Na procissão, a baía do Rio Negro se transformou em um mar de barcos, todos com um único destino: o Encontro das Águas, onde as correntes de dois rios se entrelaçam em um abraço simbólico. O Papa, em uma das três fragatas da Marinha, navegava lentamente pelo Rio Negro, cercado por autoridades e fiéis. As pessoas acenavam dos barcos com fervor e alegria. No barco em que me encontrava, com familiares, incluindo minha querida irmã Liliana, então noviça salesiana. Naquele dia pude testemunhar a sua fé junto com outras companheiras dedicadas á missão preconizada por Dom Bosco. A cena era de uma beleza indescritível: a silhueta do Papa contra o céu amazônico, as águas refletindo a luz do sol, e as vozes em uníssono entoando cânticos de louvor.

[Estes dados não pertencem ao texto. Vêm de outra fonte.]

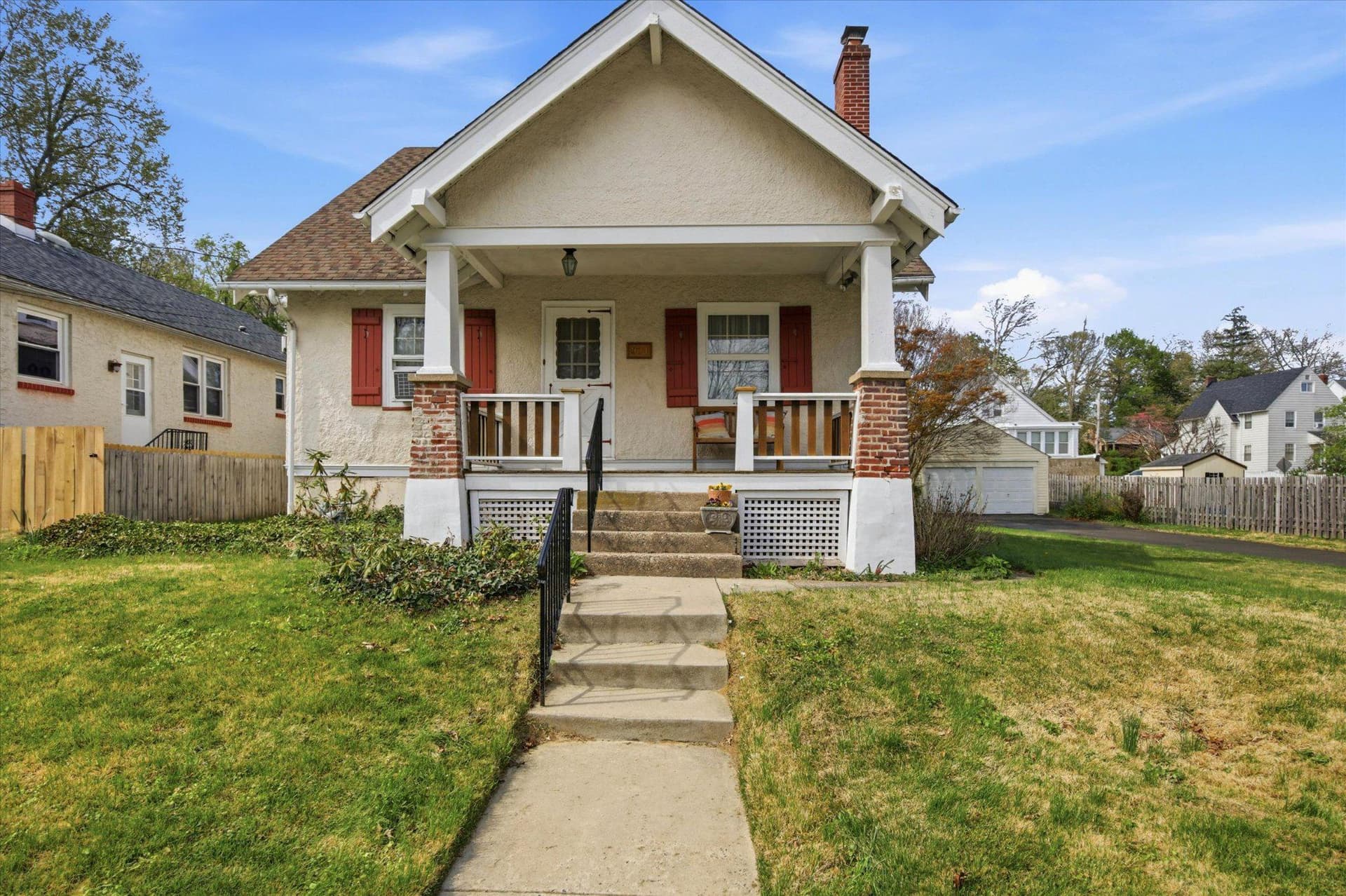 304 Harrison Avenue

É preciso que se destaque um gesto de respeito e ética. O prefeito José Fernandes, ao receber um terço de presente do Papa, decidiu que aquele símbolo de fé deveria ser oferecido a quem realmente mereceria. Com um coração generoso, ele entregou o terço a uma senhora católica, pobre e anônima, que representava a simplicidade e a devoção do povo. Esse ato, reforça a ideia de que a fé não se mede por títulos ou posições, mas pela capacidade de respeitar e entender a fé do outro.
A missa campal na Bola da Suframa, testemunhava um amazónico céu azul. O povo, num respeitoso e contrito silêncio se unia em oração. As palavras do Papa reverberavam nas almas, e a conexão entre os presentes se tornava palpável. A fé, como as águas do Rio Negro, fluía livre e poderosa, unindo todos em um só espírito. Aquela manhã mágica não era apenas uma celebração religiosa; era um testemunho da força da comunidade, da esperança e da beleza que reside na diversidade na alegria do povo amazonense.

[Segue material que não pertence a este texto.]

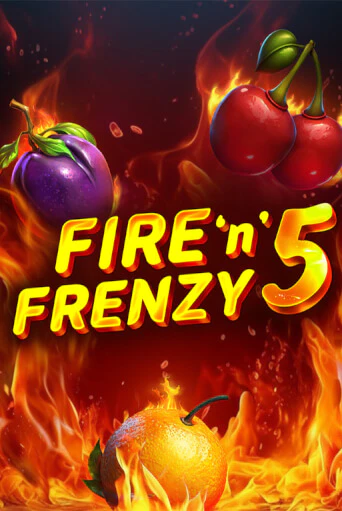 Демо игра Fire’n’Frenzy 5 играть онлайн | Casino X Official бесплатно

Assim, o Encontro das Águas não era apenas um fenômeno natural, mas um símbolo da união de diferentes crenças e culturas, refletindo a riqueza da Amazônia e a profundidade da fé que habita em cada coração. E enquanto a fragata do Papa se afastava, a cidade de Manaus sabia que aquele dia ficaria gravado para sempre na memória coletiva, como um momento em que a fé e a beleza se entrelaçaram nas águas do Rio Negro.
As novas gerações precisam saber da fé que fluiu naquele dia. Da bênção papal dada no meio do nosso Encontro das Águas reverbera até hoje nessa cidade que um dia se chamou Lugar da Barra de São José do Rio Negro.